WHAT IS BEING ASKED. What you should give back is every line from the one containing "28763 Texas Plns" through the last line of the records below, word for word and without pictures.

Short descriptive text snippets:
━━━━━━━━━━━━━━━━━━━━━━━━━━━━━━
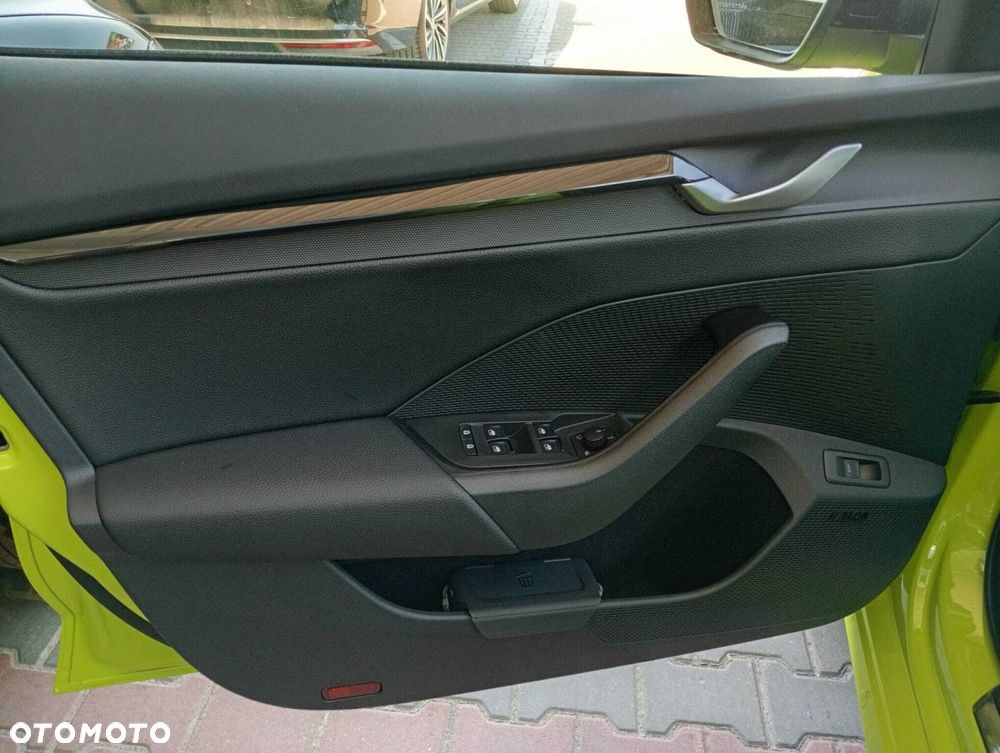 Skoda Octavia 2.0 TSI RS DSG - 18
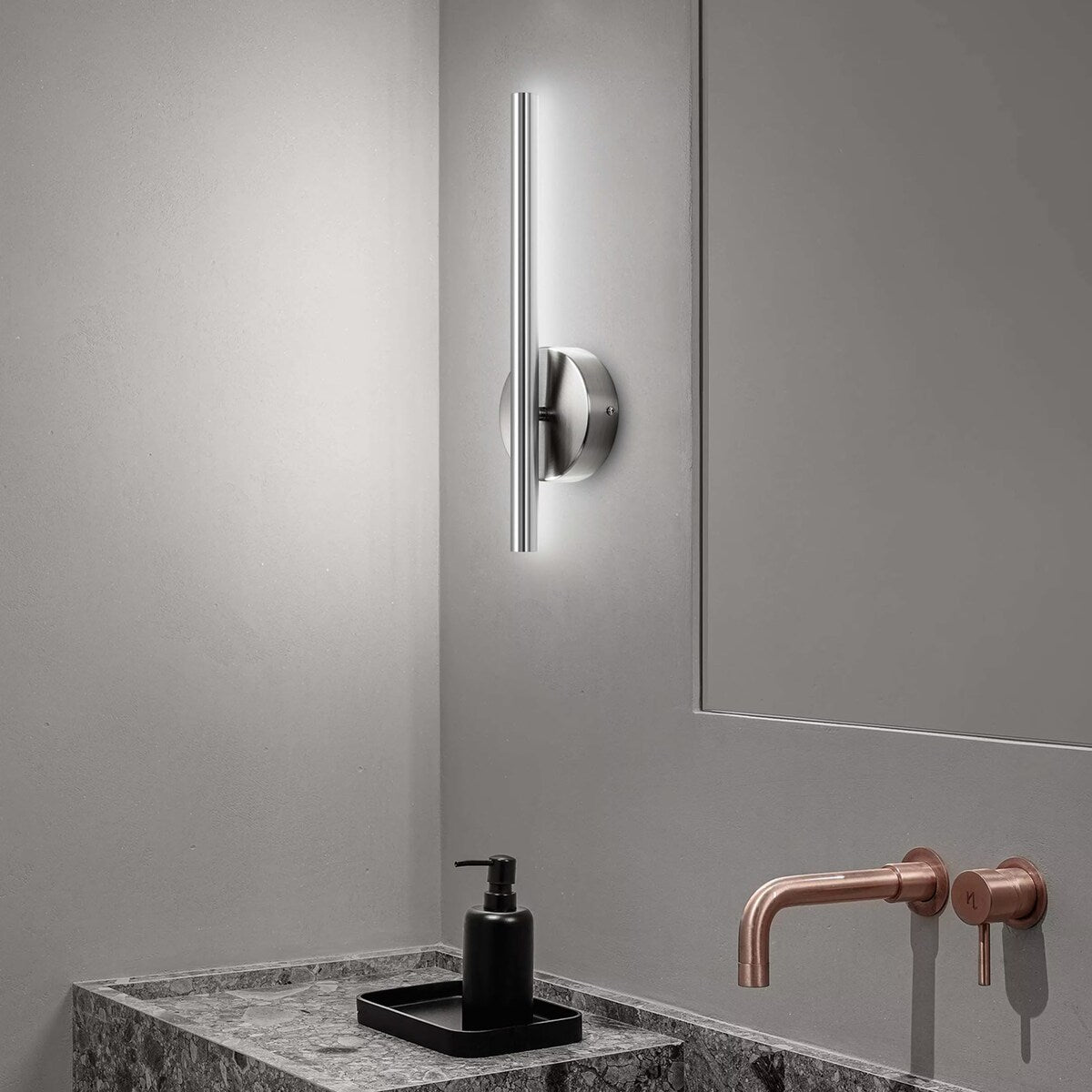 Applique da parete lineare a LED integrata in metallo, moderna e minimalista, industriale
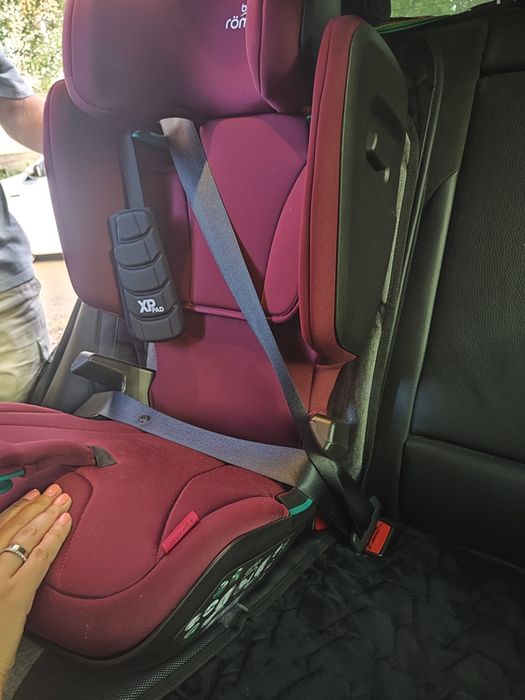 Автокрісло Britax Römer KIDFIX i-SIZE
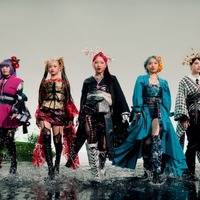 HANA／いち髪 新CM「香りだけ残して、前へ。」篇（提供写真）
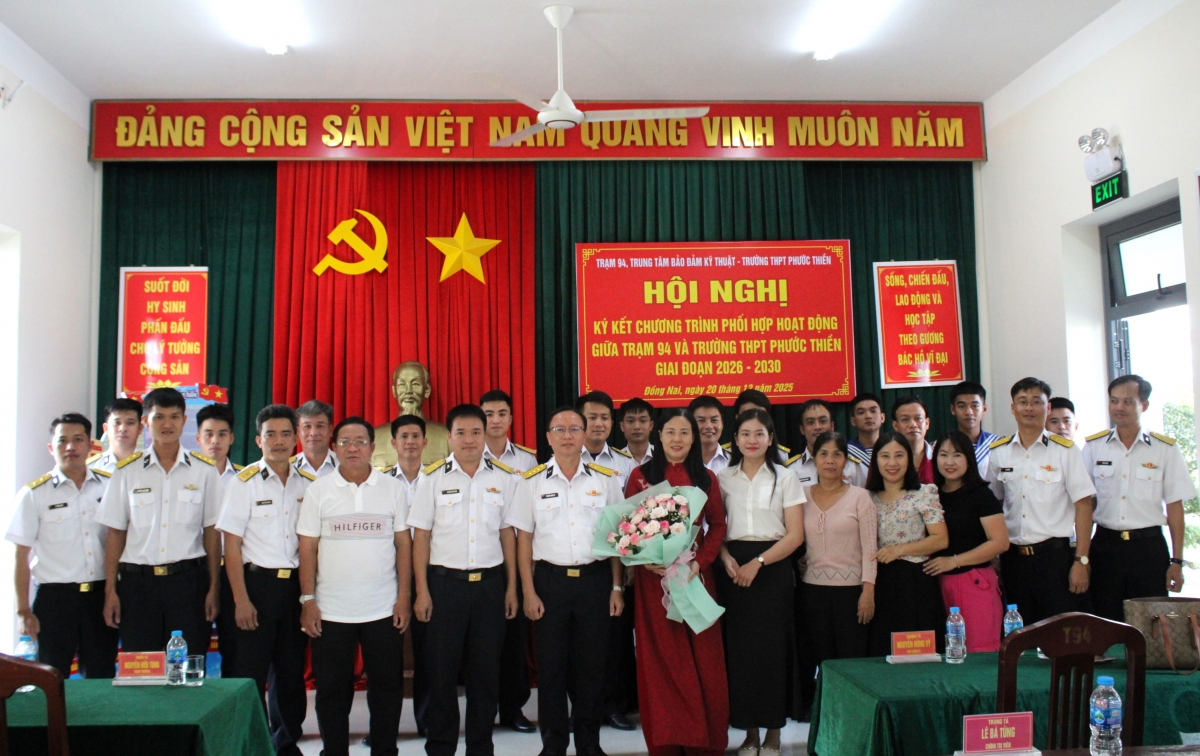 Thượng tá Nguyễn Hùng Vỹ, Phó Chính uỷ Trung tâm chụp hình lưu niệm cùng 2 đơn vị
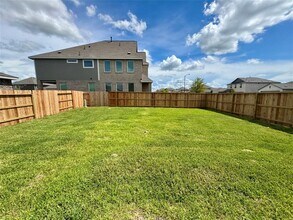28763 Texas Plns Dr in Hockley, TX - Foto de edificio - Building Photo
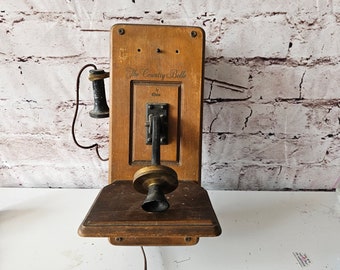 Vintage 1956 the Country Belle Radio by Guild Model 556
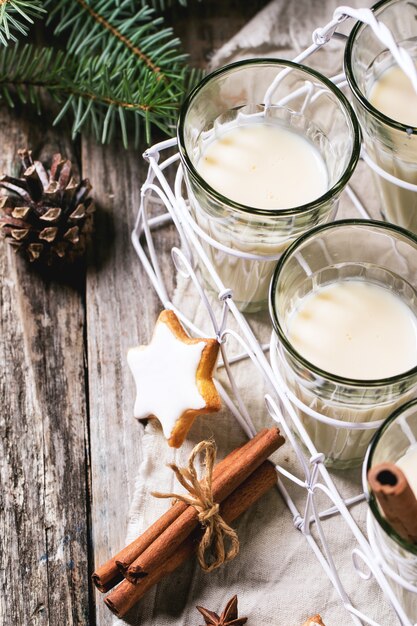 Biscotti e cocktail di Natale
━━━━━━━━━━━━━━━━━━━━━━━━━━━━━━
FINISHED EXERCISE.
28763 Texas Plns Dr in Hockley, TX - Foto de edificio - Building Photo
 Vintage 1956 the Country Belle Radio by Guild Model 556
 Biscotti e cocktail di Natale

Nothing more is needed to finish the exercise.